### Instructions to follow
From the line holding "showing the stretchable" through the line holding "Full body shot" below, write out every line exactly; include both of those lines and drop the pictures.

### Excerpts from a dataset
"""
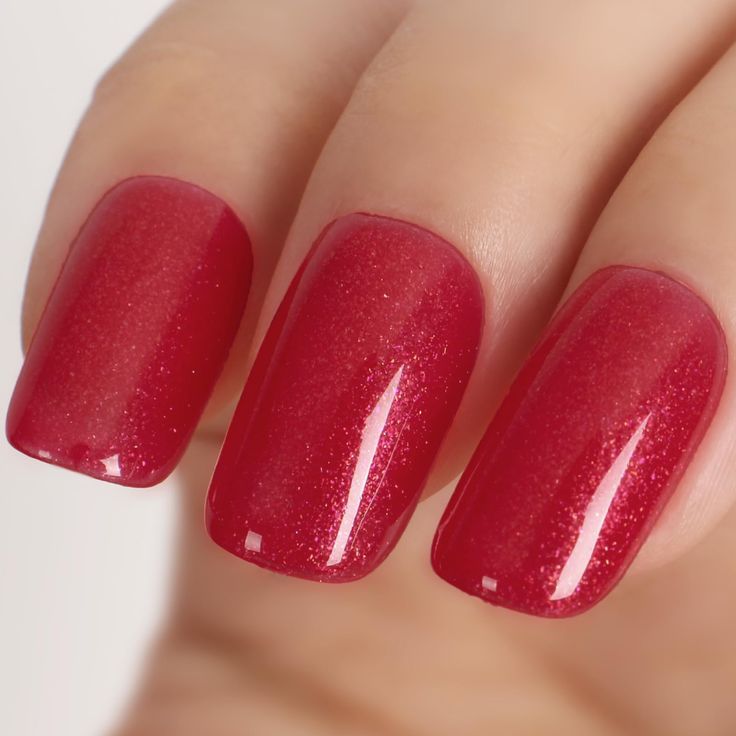 Sophisticated Berry Red Nail Design with Shimmering Finish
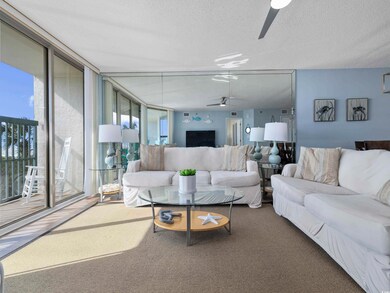 Living room with a textured ceiling, a wall of win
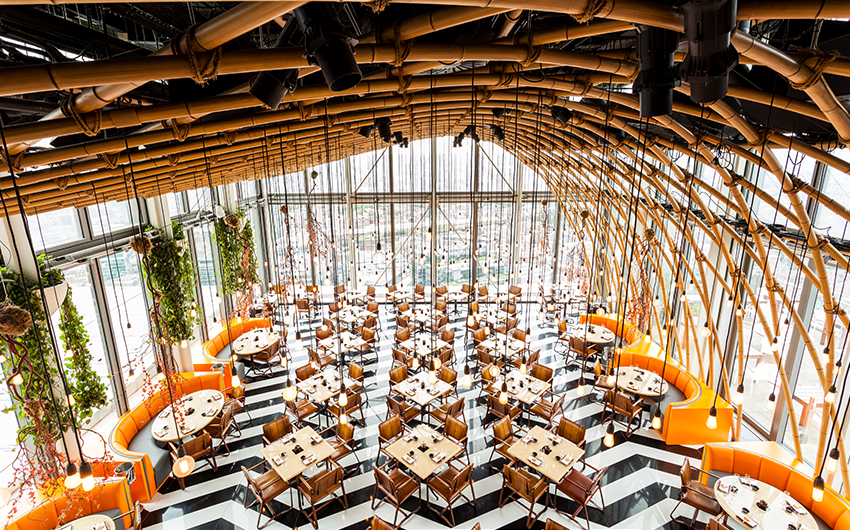 11 Rooftop Bars & Restaurants in the City of London - SushiSamba - high ceiling space, zigzag black and white tiled floor with lots of dinnig tables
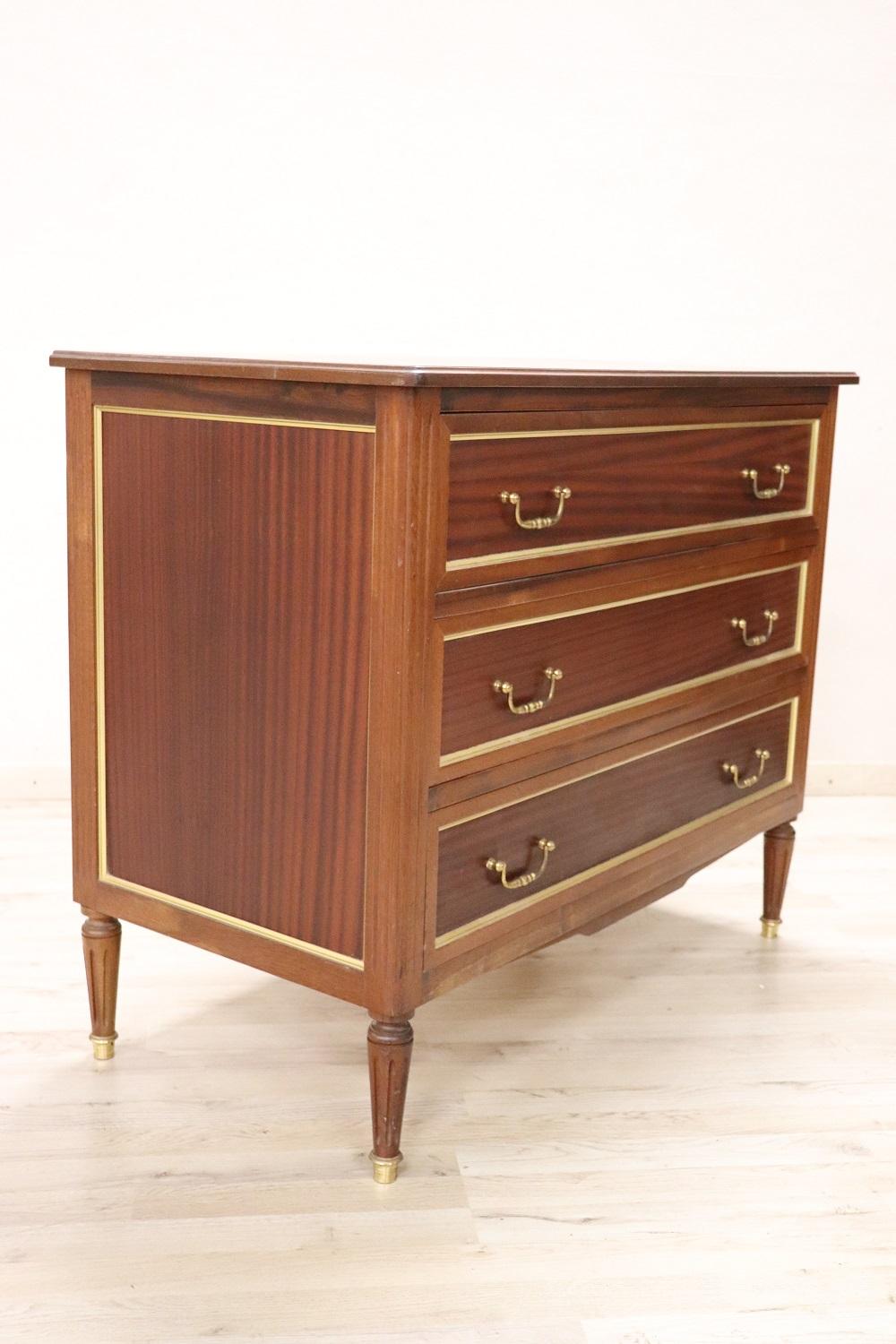 Rare and fine quality Italian Louis XVI style 1950s chest of drawer in elegant mahogany wood. On the front three comfortable drawers. Featuring elegant golden brass frames. Simple and elegant line. Beautiful slender legs. Due to its small size it is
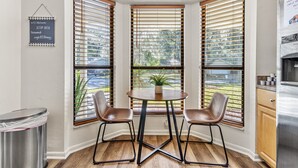 A corner kitchen with two chairs, a small table, and a potted plant. - Stylish Pool Home w/ Grill by GNV's Best Dining! (Gainesville)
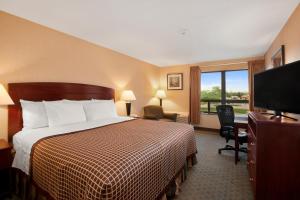 een hotelkamer met een bed en een flatscreen-tv bij Days Inn by Wyndham Utica in Utica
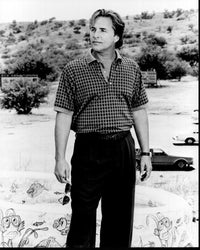 Don Johnson relaxing by a kiddie pool with sunglasses photo print.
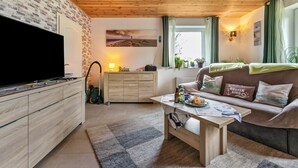 Una sala de estar con televisor, armarios de madera, un sofá, una mesa de centro y una ventana con cortinas.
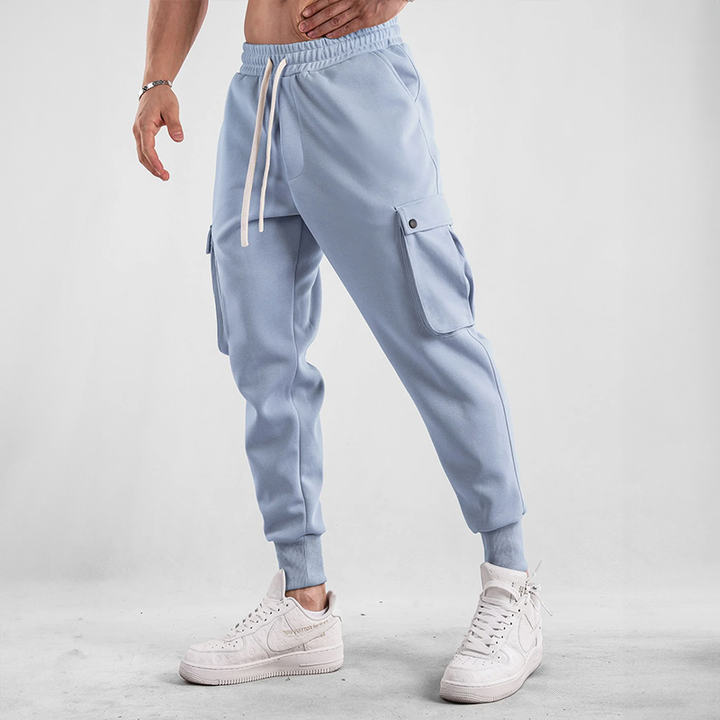 Streetwear men's bottoms: Urban Flex Cargo Joggers with soft lining, offering a warm and relaxed fit.
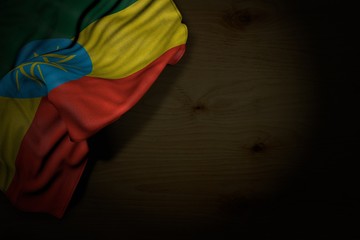 pretty dark picture of Ethiopia flag with large folds on dark wood with empty place for content - any celebration flag 3d illustration..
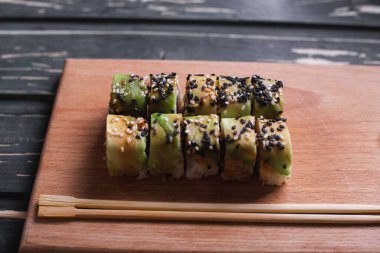 Koyu ahşap arka planda tahta üzerinde somon balıklı suşi.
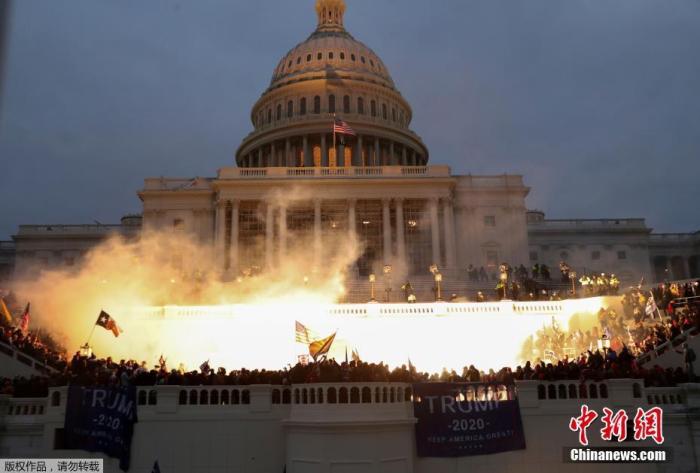 当地时间1月6日，美国参众两院确认选举人团投票结果的联席会议，因时任总统特朗普支持者闯入国会大厦引发大规模骚乱而被迫中断，现场极度混乱。图为美国华盛顿的美国国会大厦前火光四起。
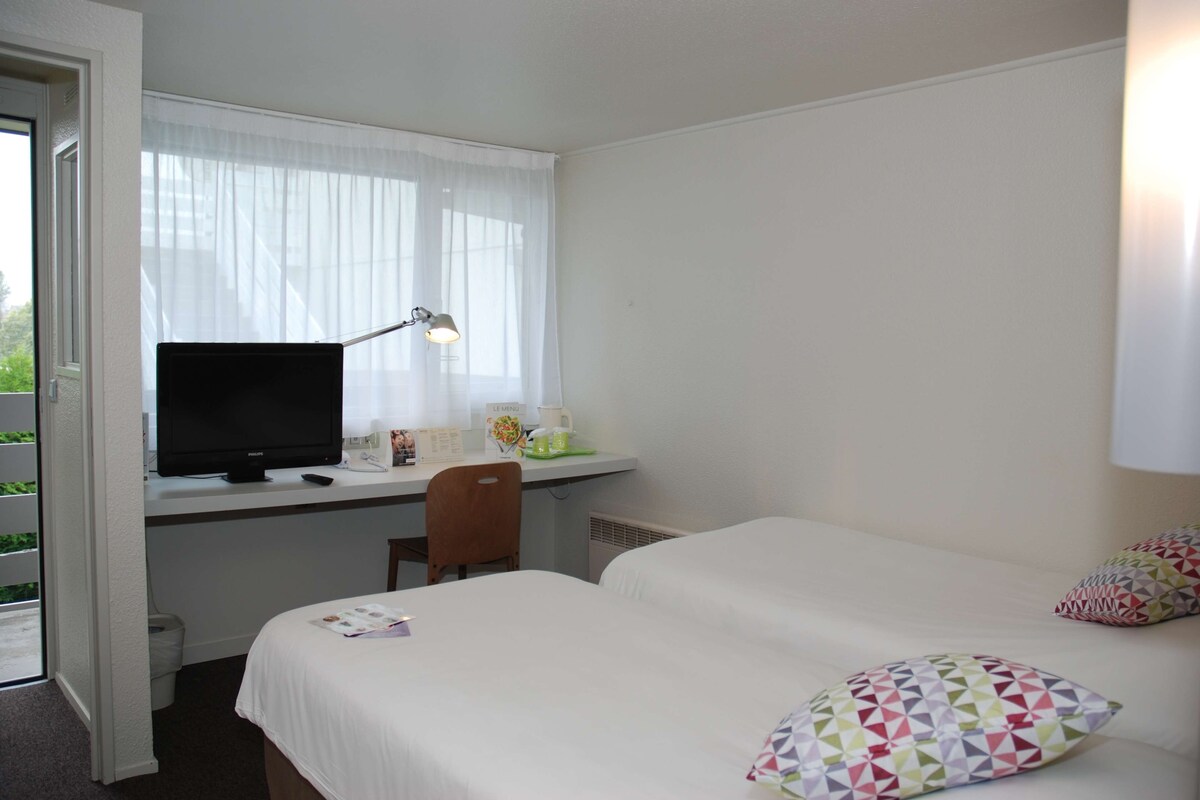 A hotel room with a bed, a desk with a computer and lamp, and a window with curtains.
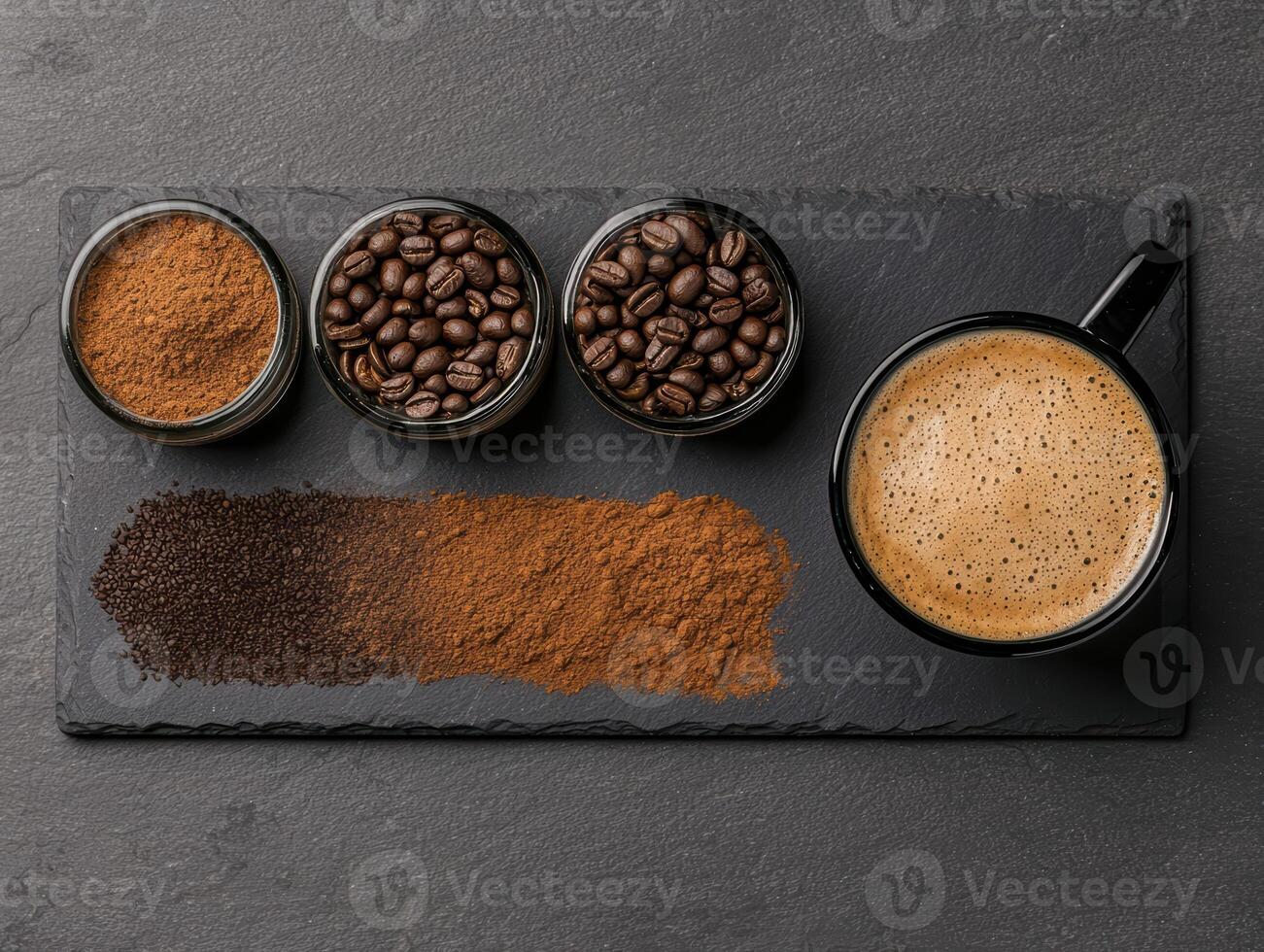 Variety of coffee beans and grounds with a cup of coffee on a dark background photo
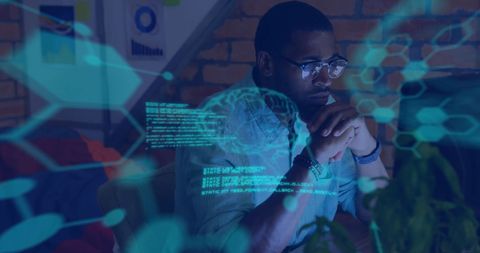 focused professional analyzing digital data with technology holograms - Download Free Stock Images Pikwizard.com
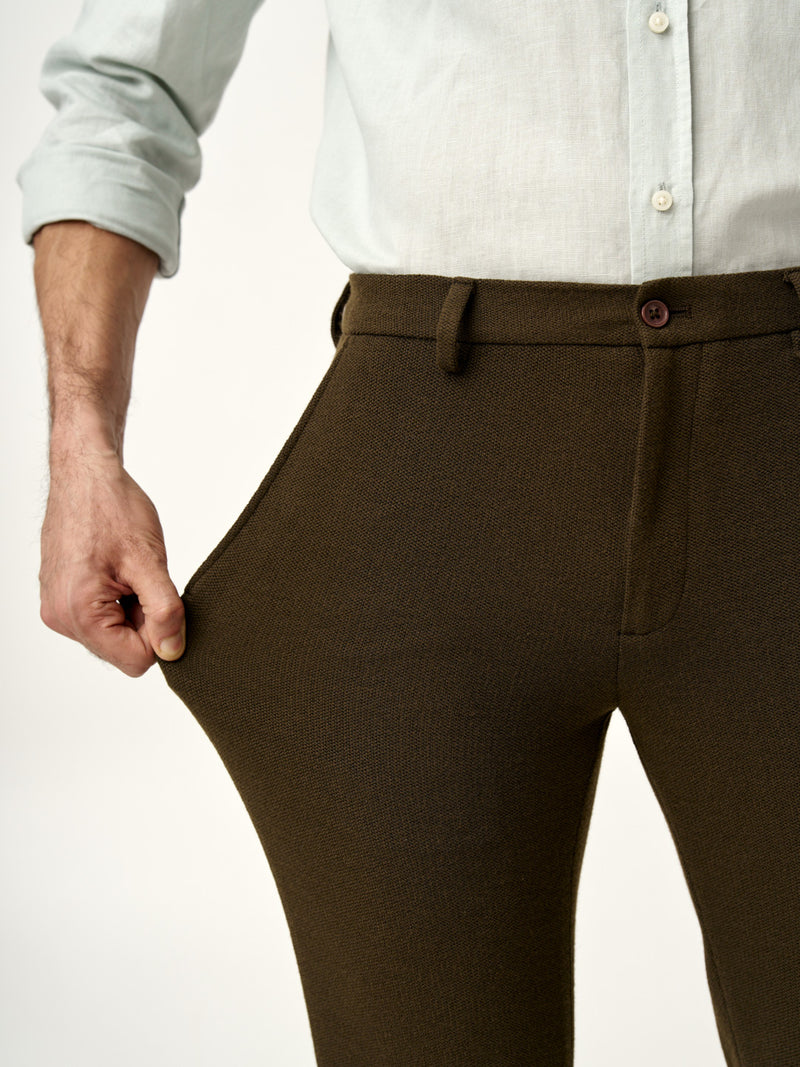 showing the stretchable fabric of dark brown oliver texture pants from the Pant Project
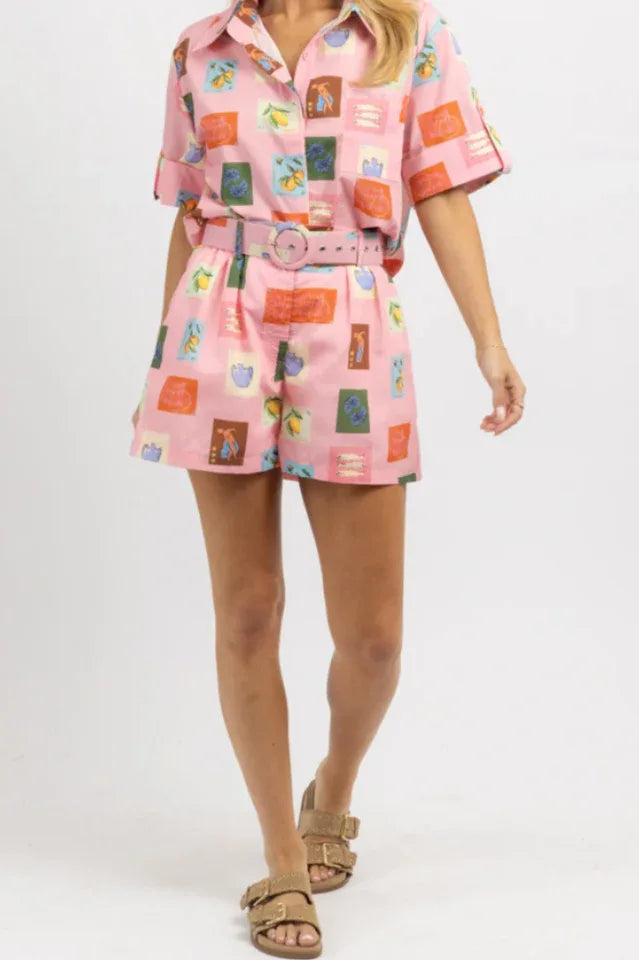 Full body shot of a woman in a pink printed linen blend matching set with short sleeves and high-waisted shorts, accessorized with tan sandals.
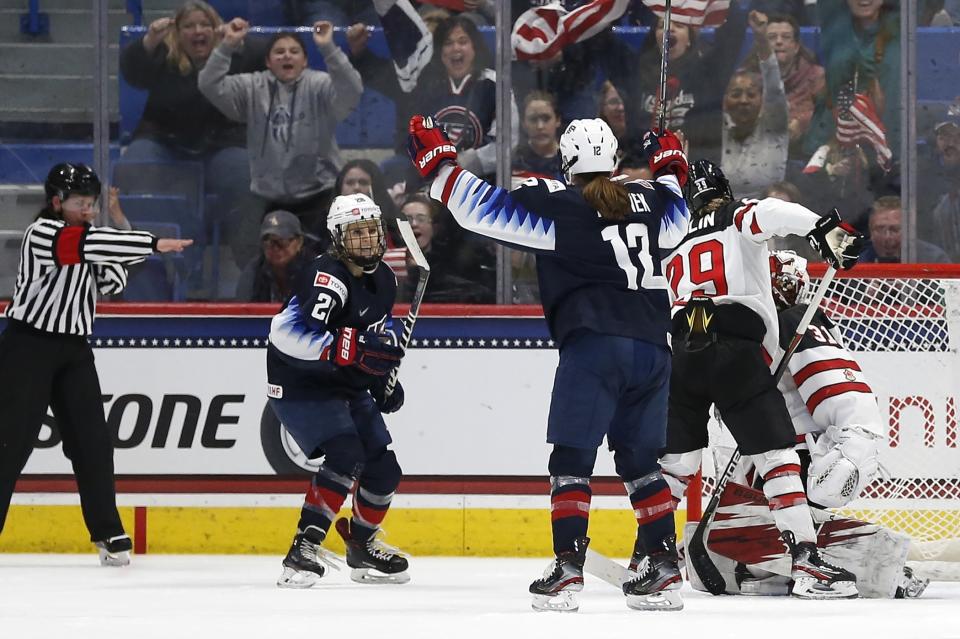 United States' Amanda Kessel (28) celebrates her goal with teammate Kelly Pannek (12) during the second period of a rivalry series women's hockey game against Canada in Hartford, Conn., Saturday, Dec. 14, 2019. (AP Photo/Michael Dwyer)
"""
### Written solution
 showing the stretchable fabric of dark brown oliver texture pants from the Pant Project
 Full body shot of a woman in a pink printed linen blend matching set with short sleeves and high-waisted shorts, accessorized with tan sandals.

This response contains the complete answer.